**How to complete this task:** Below are the records; give again exactly the lines from the one containing "Locale commerciale in affitto a San Cataldo" through the one containing "Fahrzeugabbildung BMW X5", leaving out pictures.

**Records for the task:**
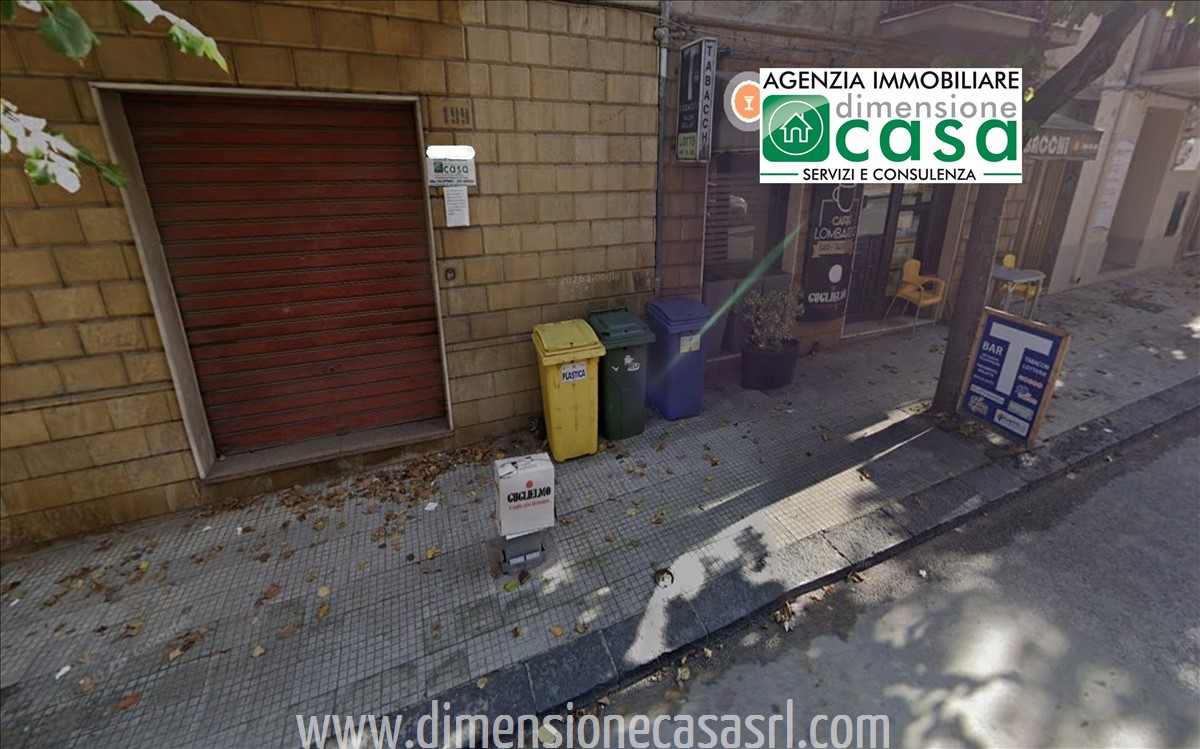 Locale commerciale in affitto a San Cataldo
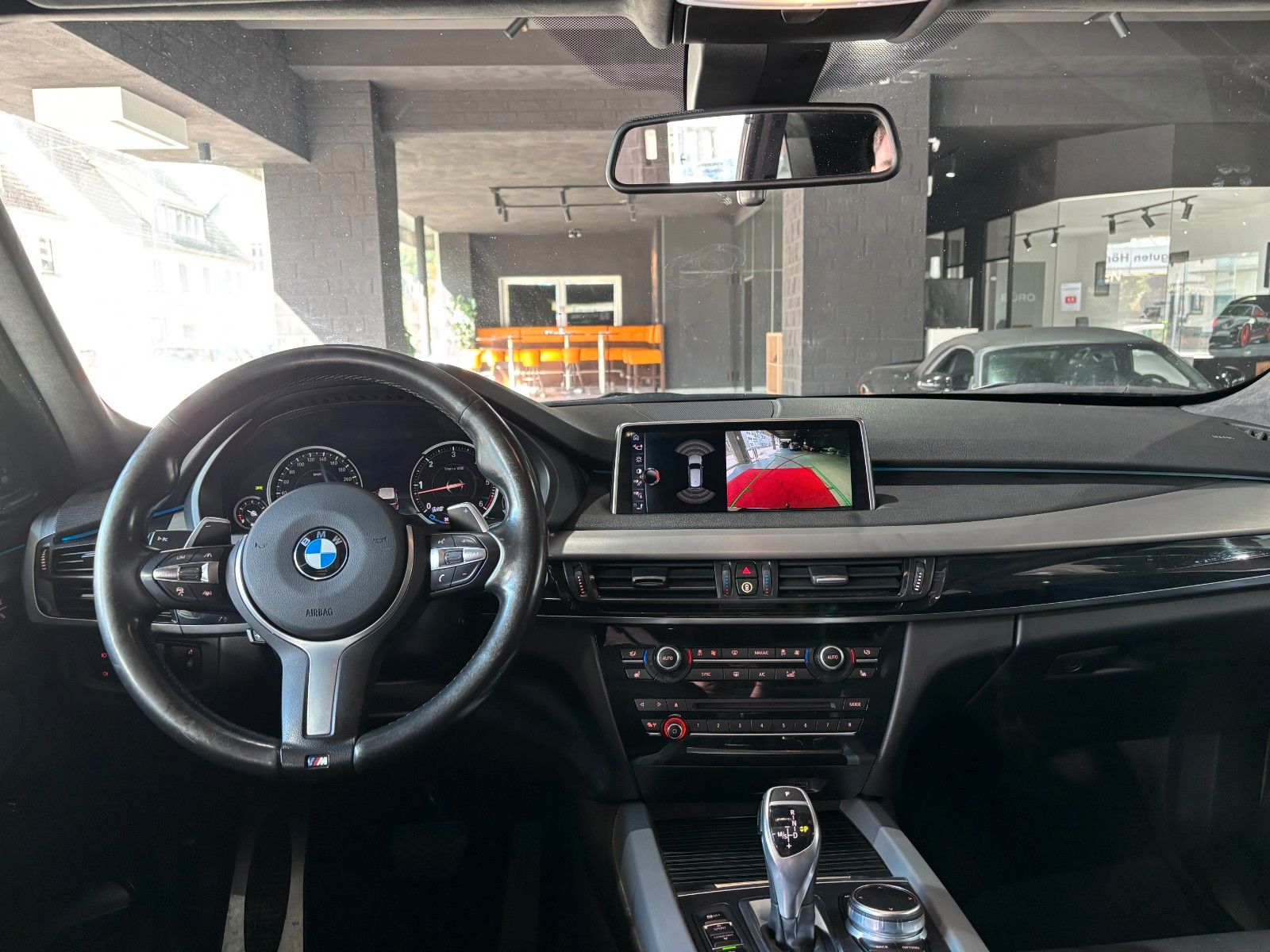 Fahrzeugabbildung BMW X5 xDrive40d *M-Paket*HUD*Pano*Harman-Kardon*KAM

---

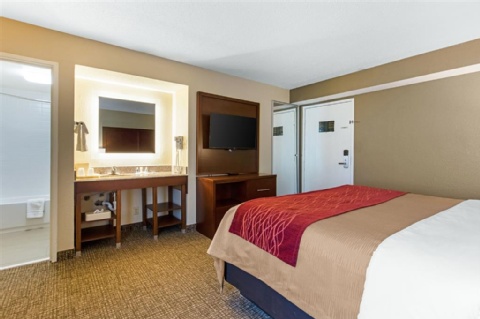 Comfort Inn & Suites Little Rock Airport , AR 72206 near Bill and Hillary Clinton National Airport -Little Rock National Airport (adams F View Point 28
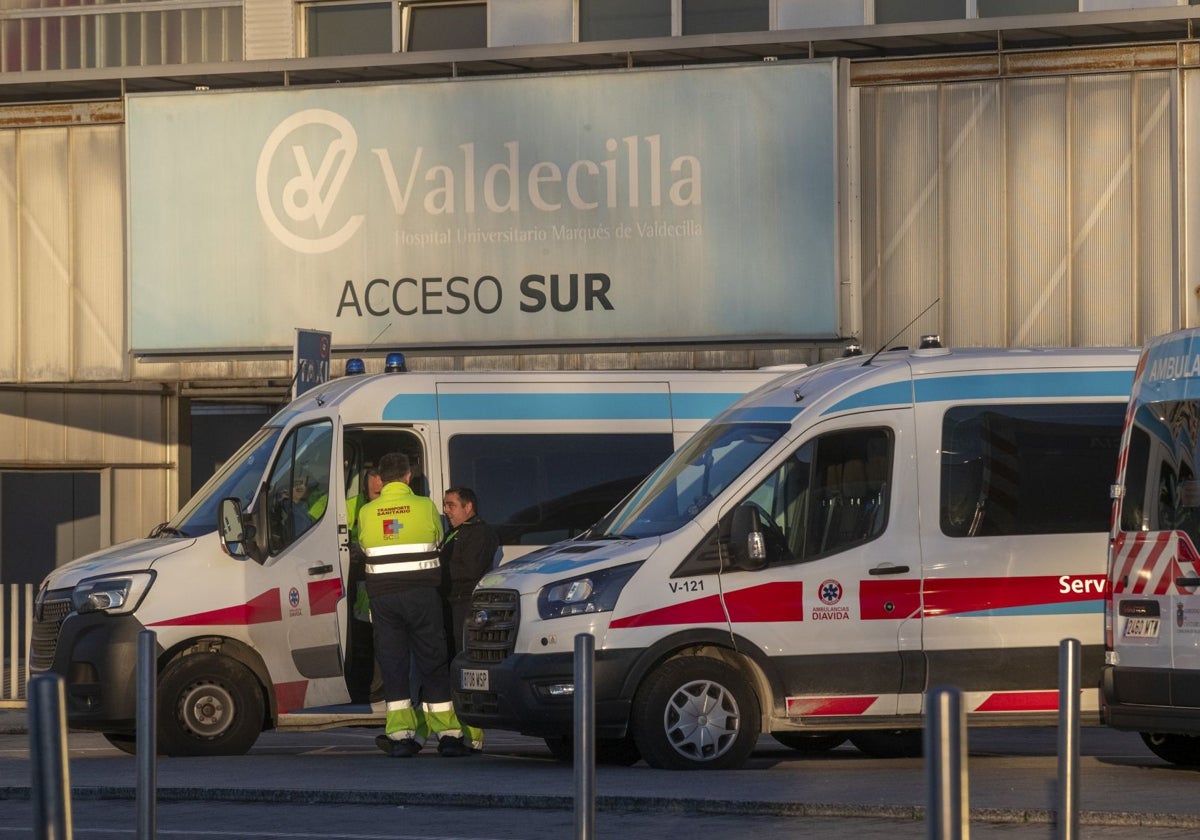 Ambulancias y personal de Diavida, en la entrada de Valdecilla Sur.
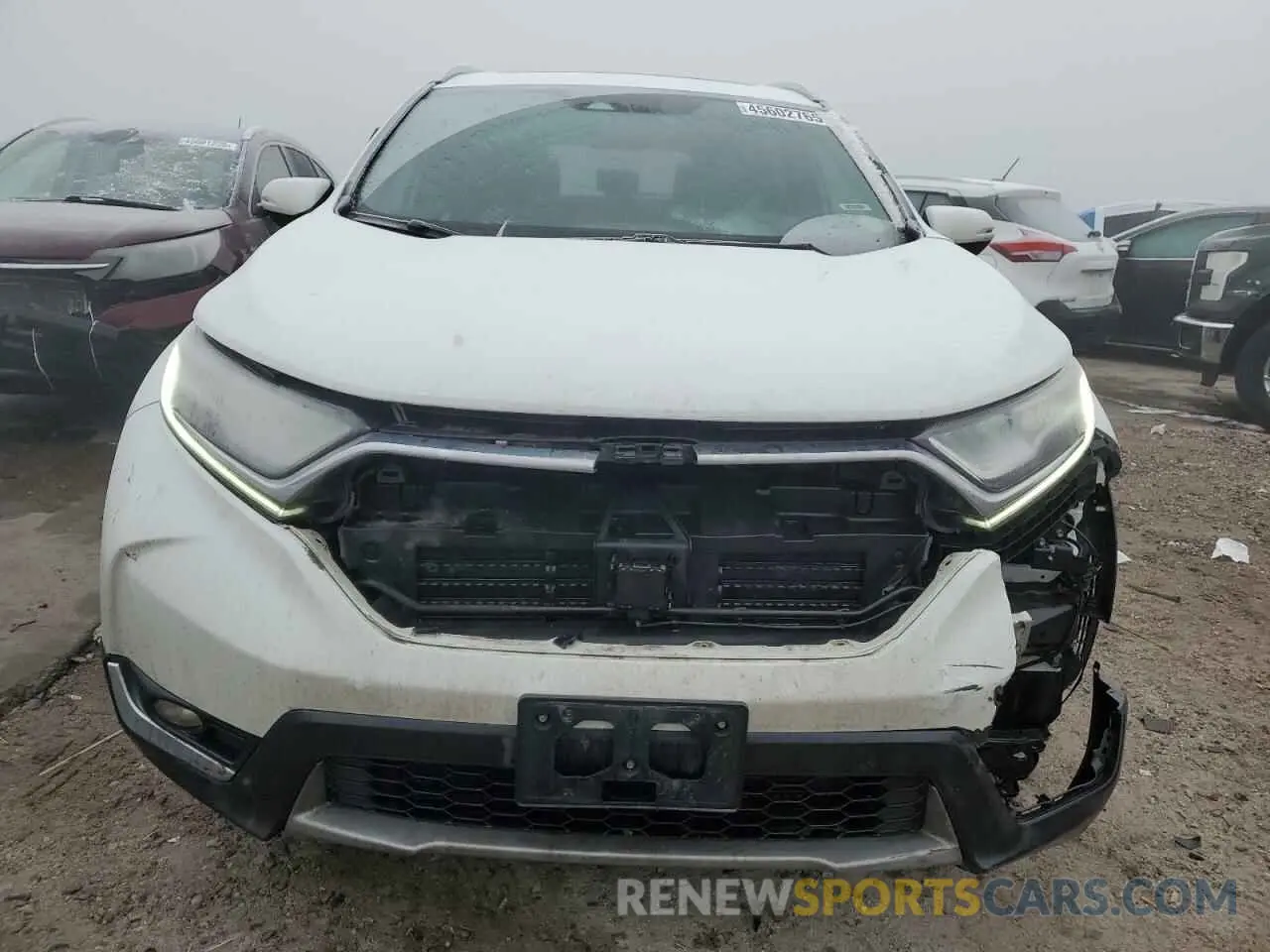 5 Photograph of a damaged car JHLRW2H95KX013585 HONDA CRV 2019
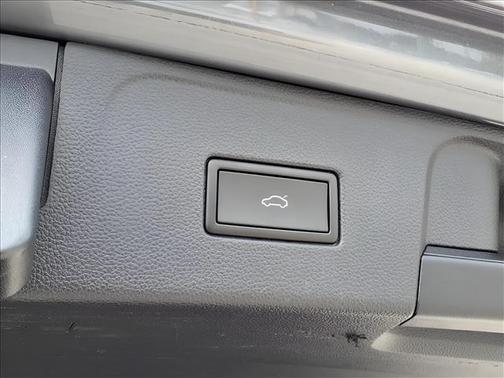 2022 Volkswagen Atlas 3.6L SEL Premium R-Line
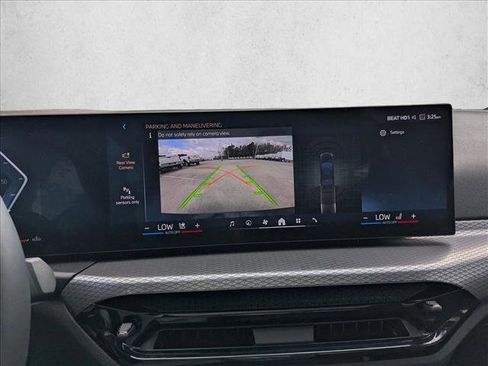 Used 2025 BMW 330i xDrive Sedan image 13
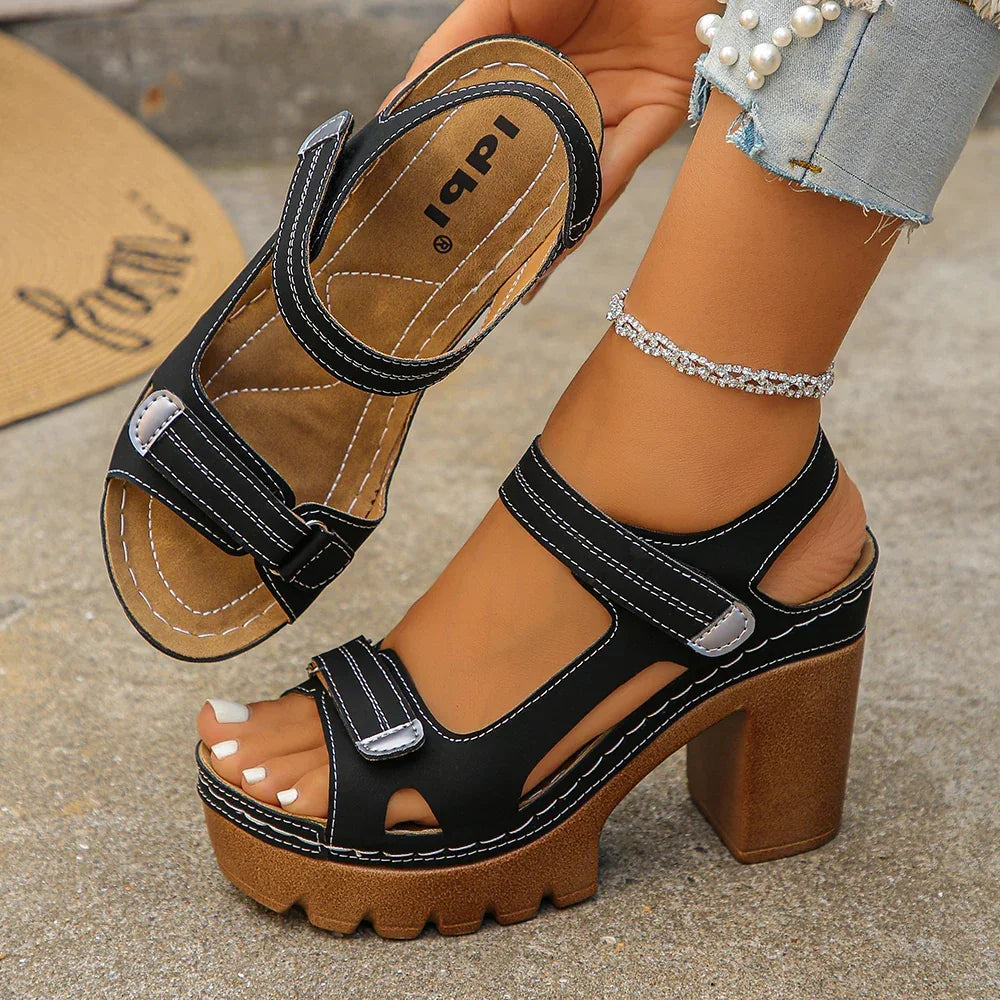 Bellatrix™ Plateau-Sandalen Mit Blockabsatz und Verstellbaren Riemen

--

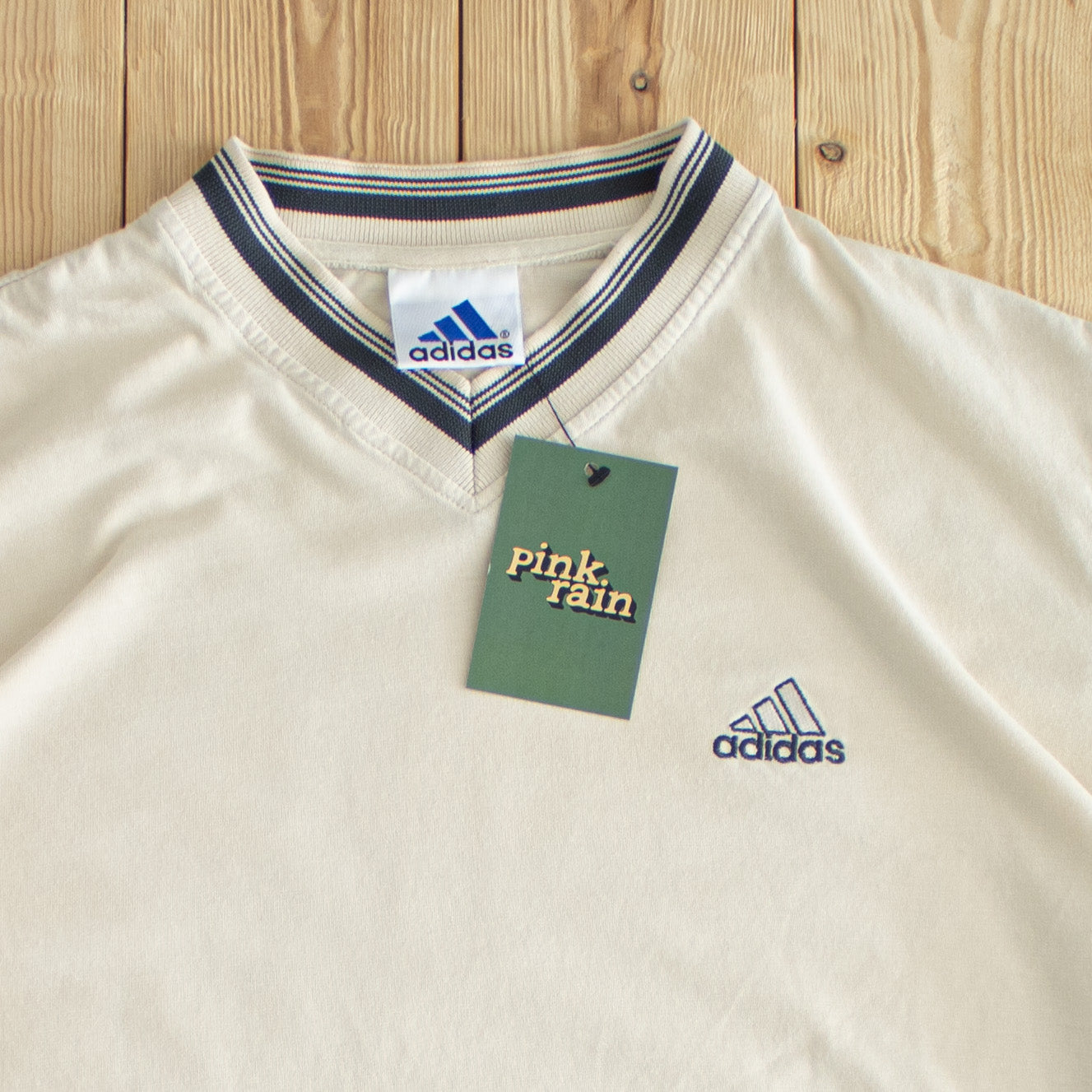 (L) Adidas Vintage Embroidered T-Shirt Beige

**Result below:**
 Locale commerciale in affitto a San Cataldo
 Fahrzeugabbildung BMW X5 xDrive40d *M-Paket*HUD*Pano*Harman-Kardon*KAM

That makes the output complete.